[Dataset entries]
BEGIN
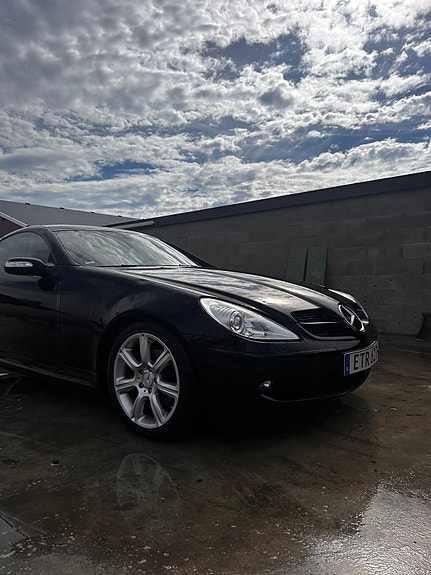 Mercedes-Benz SLK200 3 of 5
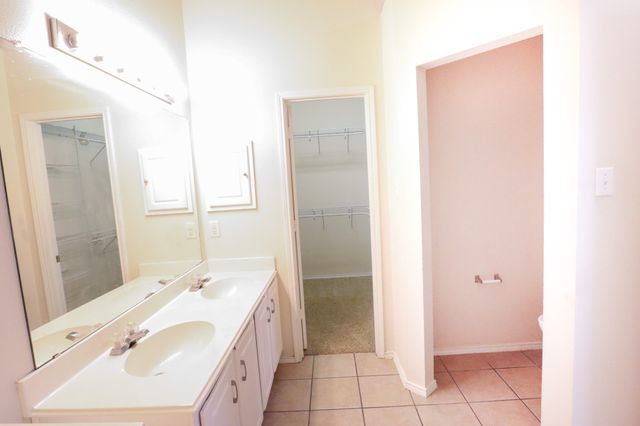 3921 Summerhill Lane, Fort Worth, TX 76244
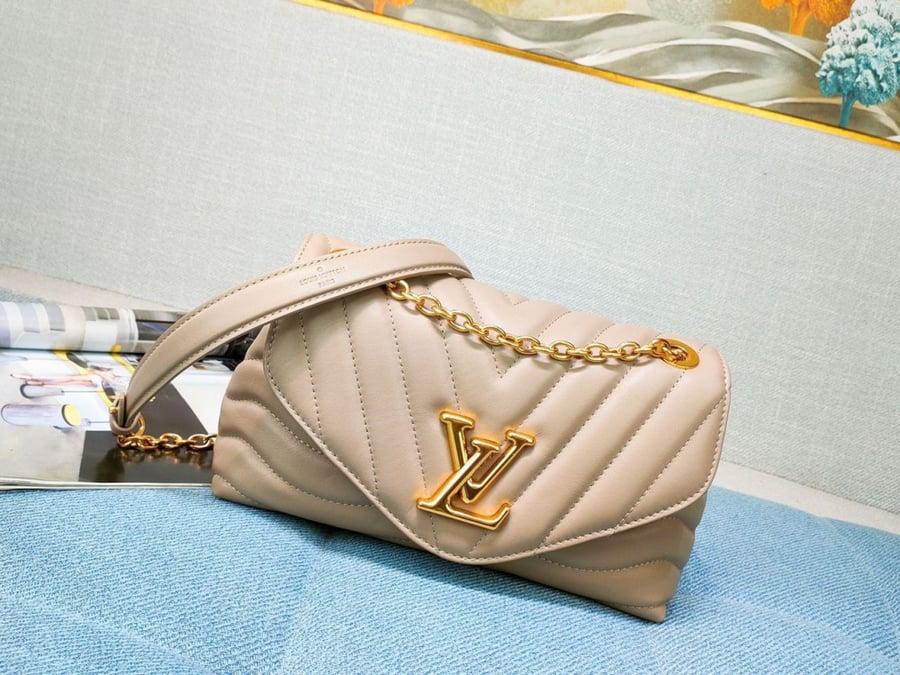 Louis Vuitton Bag (5 Colors)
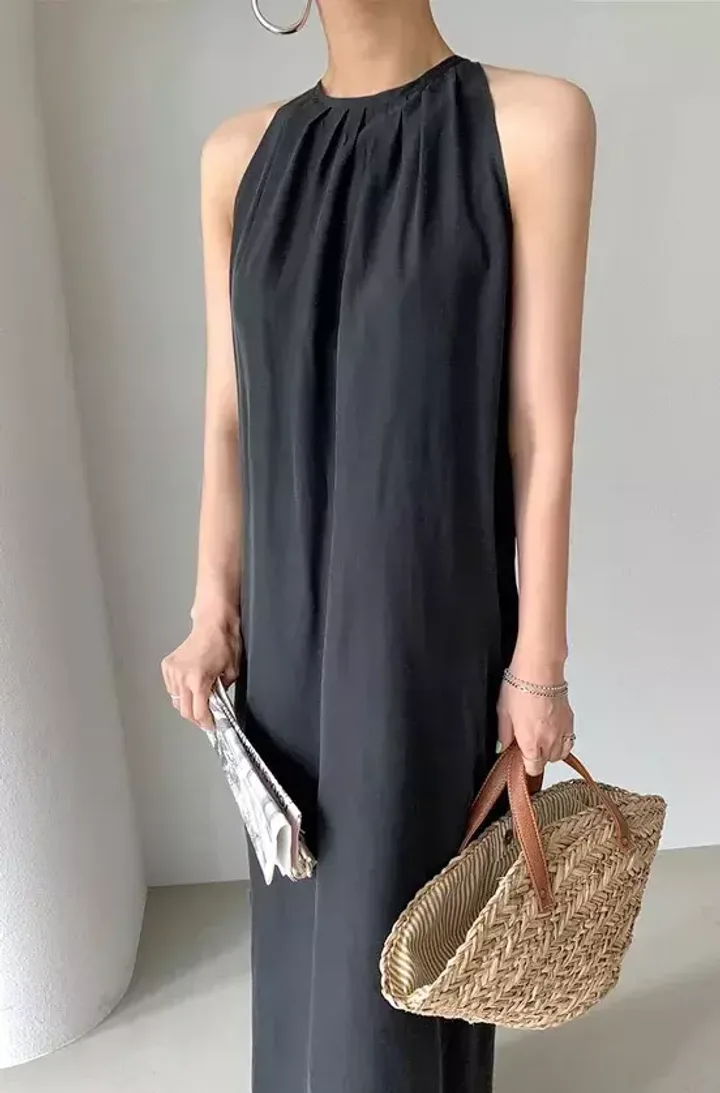 Платье с поясом «LOJI»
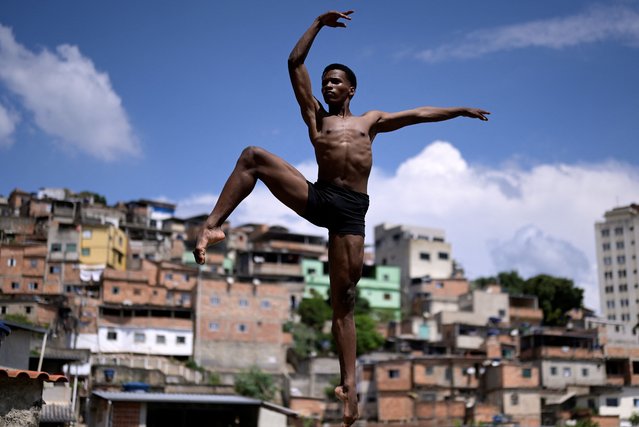 Brazilian dancer Dyhan Cardoso dances at the Aglomerado da Serra favela in Belo Horizonte, Brazil, on October 3, 2023. The talent of this 19-year-old dancer, forged since childhood in a school where he received a scholarship, earned him new recognition when he was selected to join the US company Atlanta Ballet in the state of Georgia (southeast). (Photo by Douglas Magno/AFP Photo)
END
--- WORK INSTRUCTION ---
From the first line to the last, output the data exactly; skip any pictures.

--- FINAL ANSWER ---
 Mercedes-Benz SLK200 3 of 5
 3921 Summerhill Lane, Fort Worth, TX 76244
 Louis Vuitton Bag (5 Colors)
 Платье с поясом «LOJI»
 Brazilian dancer Dyhan Cardoso dances at the Aglomerado da Serra favela in Belo Horizonte, Brazil, on October 3, 2023. The talent of this 19-year-old dancer, forged since childhood in a school where he received a scholarship, earned him new recognition when he was selected to join the US company Atlanta Ballet in the state of Georgia (southeast). (Photo by Douglas Magno/AFP Photo)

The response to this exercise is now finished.